WERTHEIMER: The thing that, I mean, obviously, as you proceed through the deck and she proceeds through the stories, she eventually tells us just about everything. It is a dramatic and really kind of terrifying chronicle that Luz writes here. I don't think we want to tell the whole story but I'd like a little bit more of your story, which is one of the things I wondered about was this transition from ballet dancer to novelist. How did that happen?

ZAMBRANO: I am still trying to answer that question. I started dancing when I was 11 years old and I was so passionate about it. And it went really well. But I think I went so fast through that career that I crashed, and so I quit. And I had no idea what in the world I was going to do.
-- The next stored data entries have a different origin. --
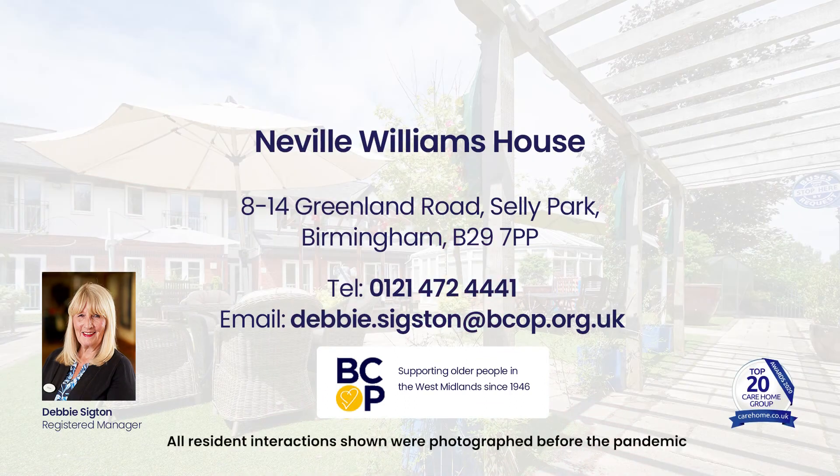If you'd like any more information about life at Neville Williams House, you can email our manager Debbie at debbie.sixton@bcop.org.uk, or you could phone at 0121 472 4441. We look forward to hearing from you.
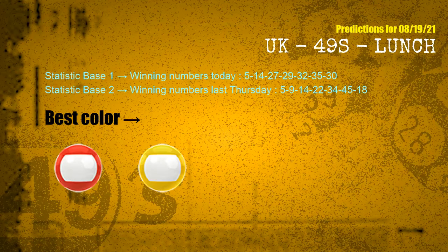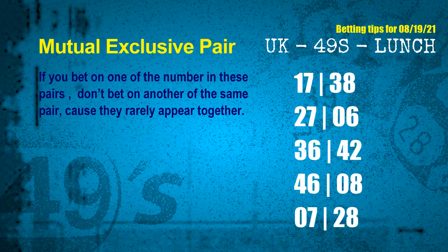According to the statistics above, with today's winning numbers 05, 14, 27, 29, 32, 35, 30 and last Thursday's numbers 05, 09, 14, 22, 34, 45, 18 — the frequent following colors are red and yellow. Now, here are tips to increase hit odds using mutual exclusive pairs. These numbers both match the following ones and colors, but they rarely appear together, so if you bet on one, don't bet the other in the same pair. The mutual exclusive pairs for next draw are: 17 and 38, 27 and 06, 36 and 42, 46 and 08, 07 and 28.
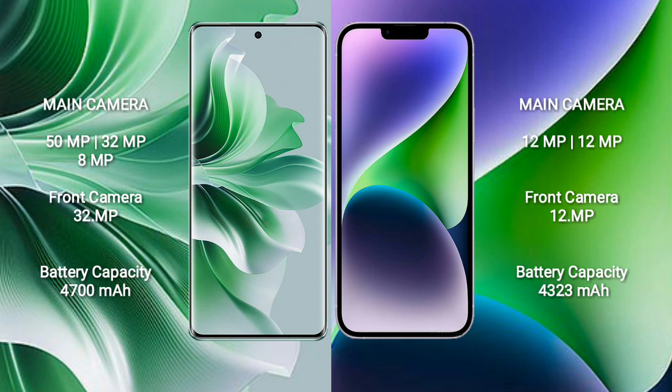iPhone 14 Plus features a rear dual camera setup: 12MP and 12MP, with a 12MP front camera.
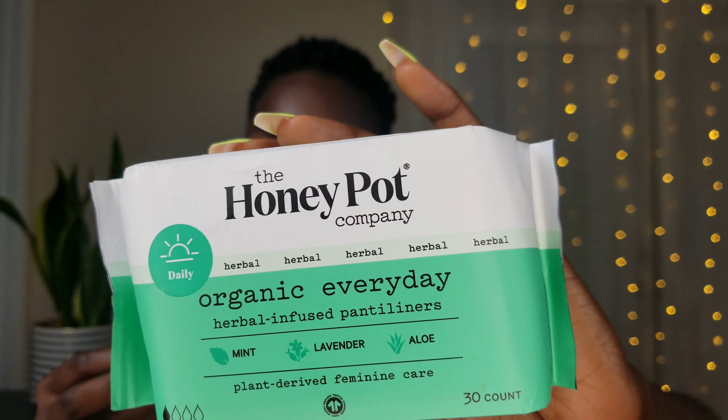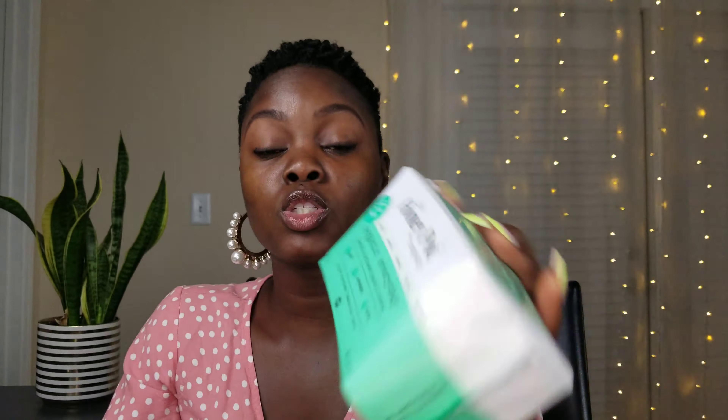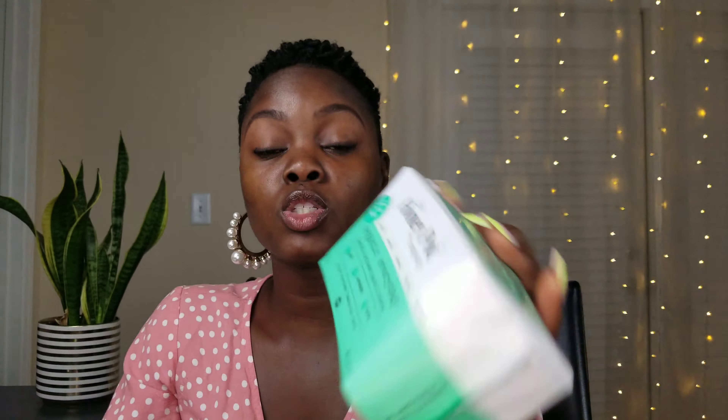I'm going to start with a product that I know and love, that I use the most often, and that's the panty liners. These are the organic everyday herbal infused panty liners with mint, lavender, and aloe — just something light for your everyday wear. I usually use these when I'm on my cycle because typically my period isn't that heavy.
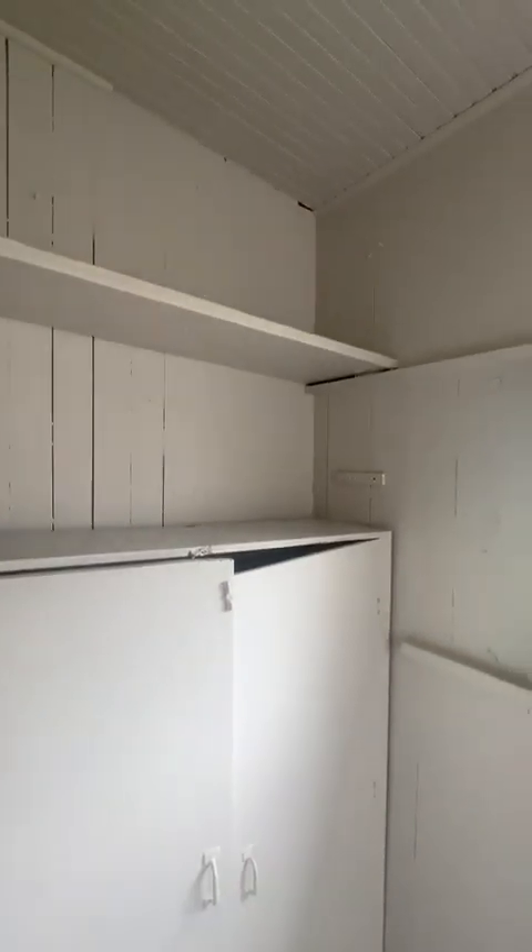This is the back door, and it's also got storage. More storage here — just for overstocked or extra items. It's just good to have it.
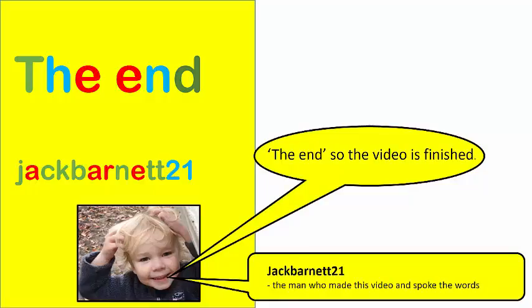Check Barnet 21 - the man who made this video and spoke the words.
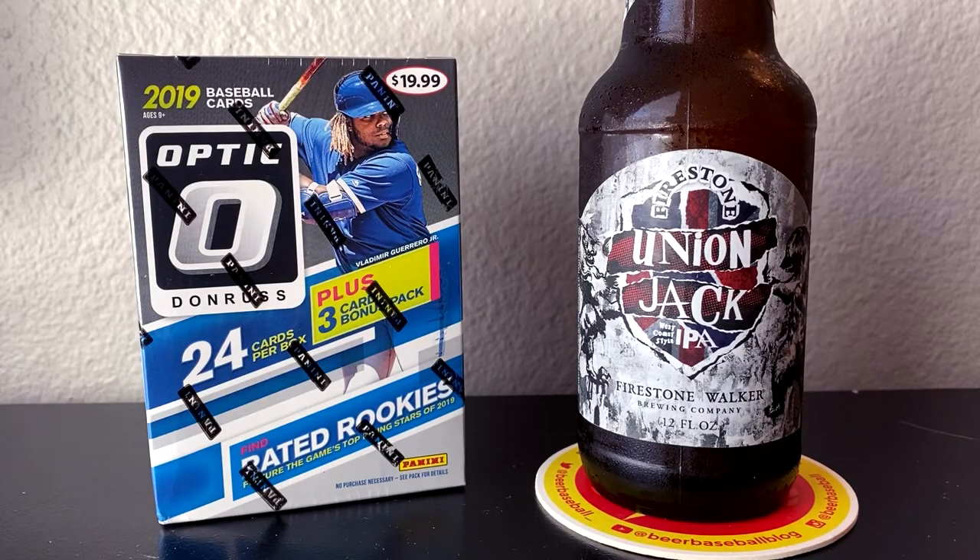So here we have it — 2019 Donruss Optic Baseball. We have 24 cards per box: six packs per box, four cards per pack. Vlad Guerrero Jr. is the cover athlete on this product — that's one of the rated rookies we're chasing after, as well as Fernando Tatis Jr. Hopefully we can pull one or both. And we'll be pairing it today with the Firestone Walker Brewing Company Union Jack West Coast Style IPA. Looking forward to pairing this beer with these packs. Without further ado, let's get to ripping and let's get to sipping.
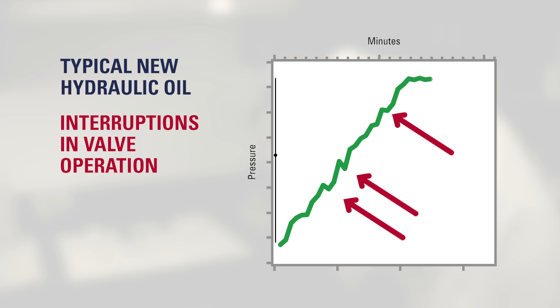Conversely, the equipment using Chevron Rando HD IsoClean certified hydraulic oil maintained a smooth pressure control curve, experienced no interruptions or signs of valve problems, and showed no damage to the valve piston and no wear on the valve cylinder.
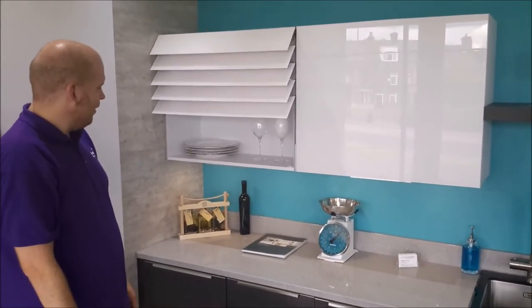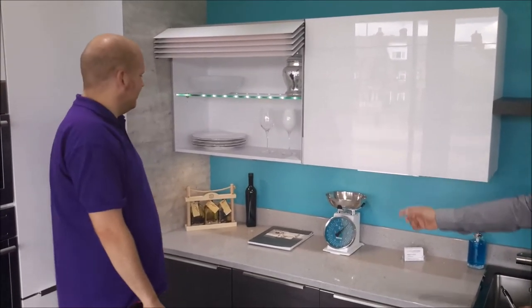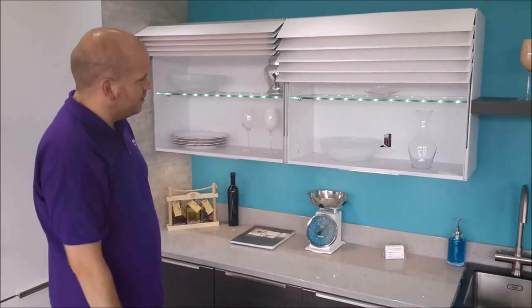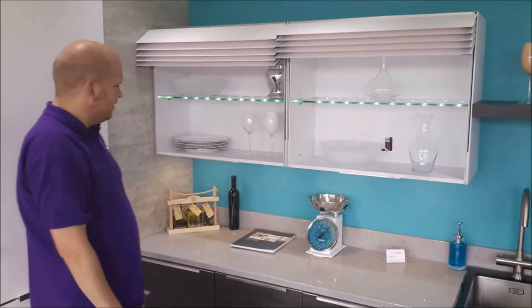Yeah, it's a warm touch. Wow! You've got to get them in your house! That is mad! Yeah, I'm glad you like it.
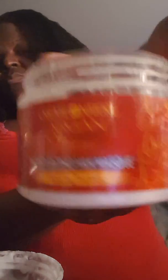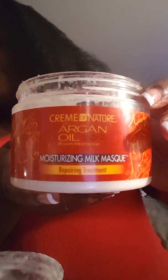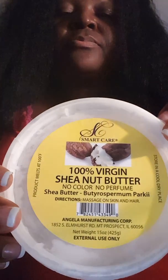When I get ready to braid it up at night, I use shea nut butter. I'm also going to be using the shea nut butter together with Cream of Nature's Argan Oil Moisturizing Hair Milk. I use this shea nut butter that I purchased from the beauty supply store for $8.99.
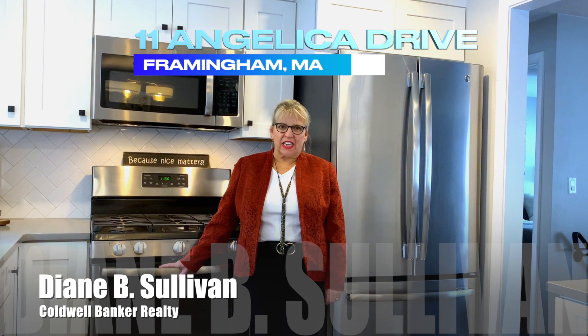Hi, it's Diane B. Sullivan from Coldwell Banker Realty. Welcome to my newest listing at 11 Angelica Drive in Framingham.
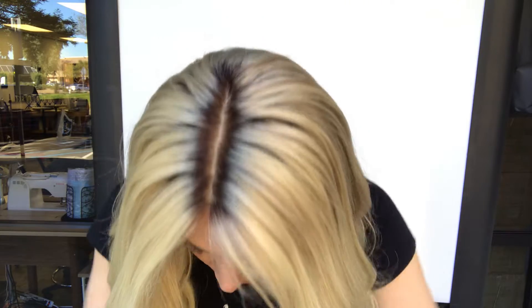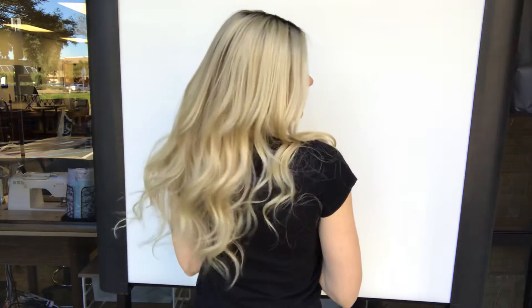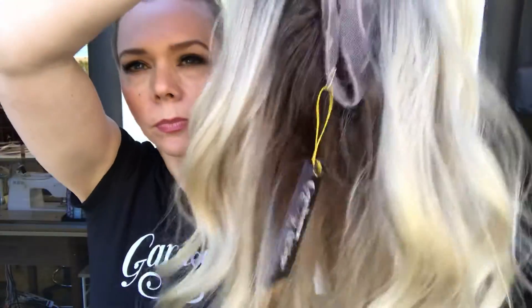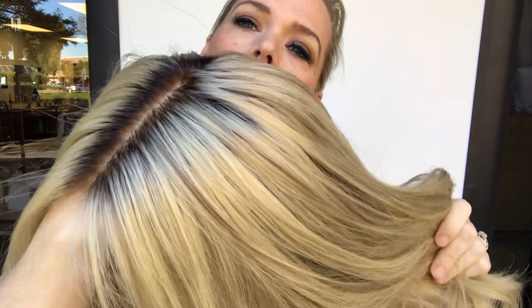It's got a medium brown rooting and some soft low lights throughout. This wig is a neutral — I would not call this warm and I would not really call it cool. It's got some cool-toned low lights throughout, and a little bit of low lighting throughout the top.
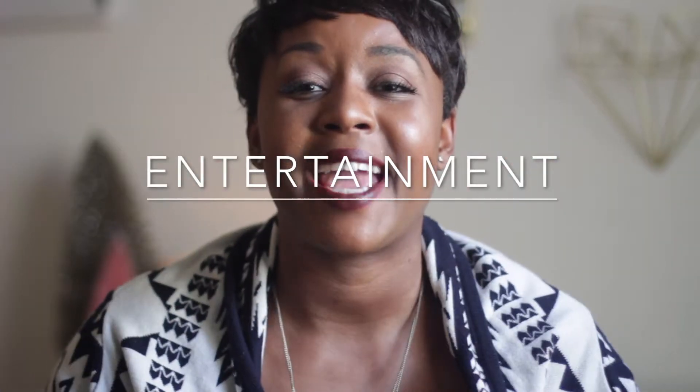Moving on to entertainment. Now, here's what I was talking about when I said I haven't been indulging in a lot of things — in the entertainment sector of my life, that is definitely a space I have not been indulging in. In my last video, I talked about Mindhunter, so I finished wrapping that up. I'm still listening to the same podcast, still listening to the same audiobook, so nothing really new. But there's some new music that I've been loving, slash kind of revisiting. One of the artists that I've absolutely been loving is Sabrina Claudio.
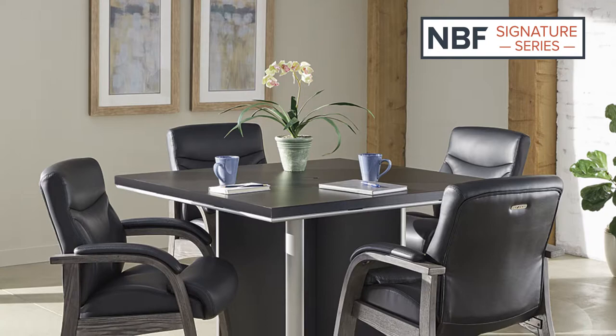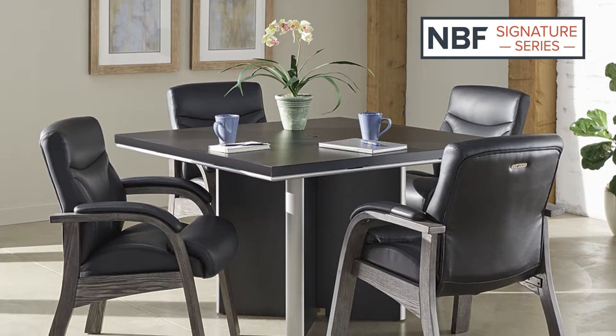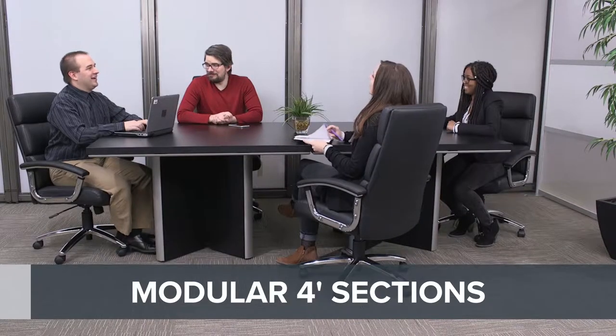Presenting the NBF Signature Series Metropolitan Conference Table. Designed to expand with your space, additional four-foot sections can be added at any time.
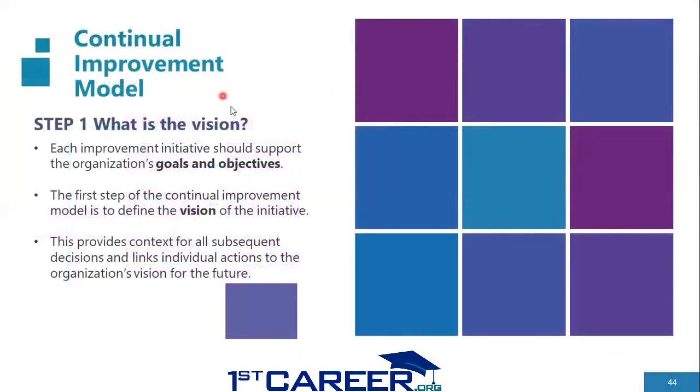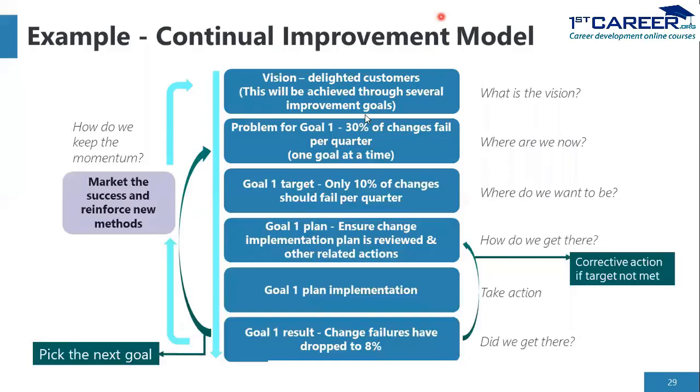Taking a deeper look at Step 1 — what is the vision: any improvement initiative should focus on the goals and objectives of the organization. Whether it is a small team or the entire organization, the improvement should be aligned to the overall organizational goals. Several teams should align their improvement goals with the organization's goal, and this step impacts all other decisions connected to the improvement. As an example, the vision here is 'delighted customers' — a higher-level vision rather than a team-level one. This answers the first step, and this vision will be achieved through several improvement goals.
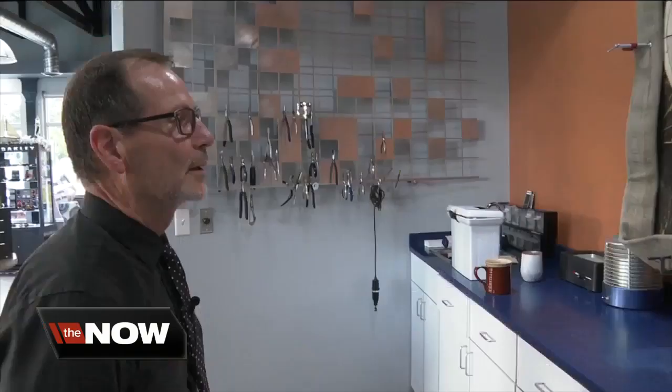Seeing value in Western New York's past and recovering discarded treasures, it should be no surprise that it takes an optician to have an eye for that. We framed it. For Now Buffalo, I'm Mike Randall.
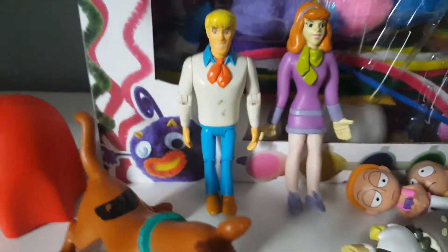Bendy Daphne and a figure of Fred. So I hope you enjoyed today's YouTube video, I'll see you in the next one, have a nice day, goodbye.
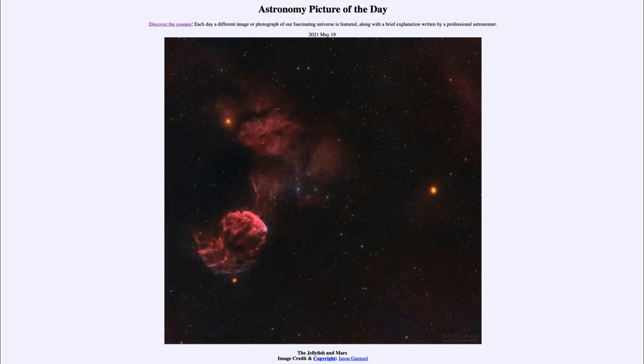So that was our picture of the day for May the 19th of 2021, titled The Jellyfish and Mars. We'll be back again tomorrow for the next picture. Until then, have a great day everyone, and I will see you in class.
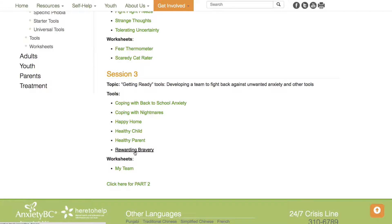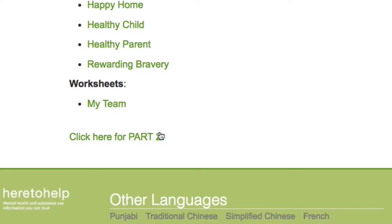When you believe your child has a better understanding about anxiety and how it presents from reviewing the tools and worksheets provided in Part 1, you can move on to Part 2. The tools listed in Part 2 are behavioral, focusing on your child's actions.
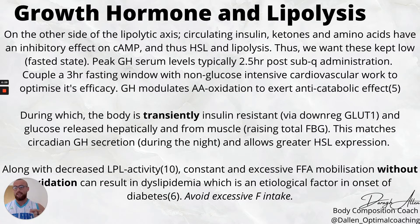Growth hormone will also attenuate amino acid oxidation to exert an anti-catabolic effect — we have decreased oxidation of amino acids, meaning we're not in a catabolic state and those circulating amino acids won't decrease the lipolytic response. Even amino acids will slow down this fat burning process, so if you're doing fasted cardio and sipping BCAAs or EAAs, you're not actually doing fasted cardio. We still want to keep those amino acid levels low during this window.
And I started taking classes of literature and I fell in love. 'Cause I'd always had a creative itch. You know, from the dancing, I wanted to be a choreographer, and I was a choreographer. But to be a choreographer, your instruments are people and you have to be very sensitive to them and it's a completely different dynamic. And so finally I had found something where I could, in a sense, choreograph a ballet but on the page and I could move them around. You know, the words and sentences are like phrases of dance movement. But I won't ever dance again, that's for sure. It would be way too painful and I'm happy with the idea that dancing was my youth but now I'm spending my time writing.

WERTHEIMER: Mario Alberto Zambrano is the author of "Loteria." He joined us from the studios of the Maine Public Broadcasting Network in Bangor. Thank you very much.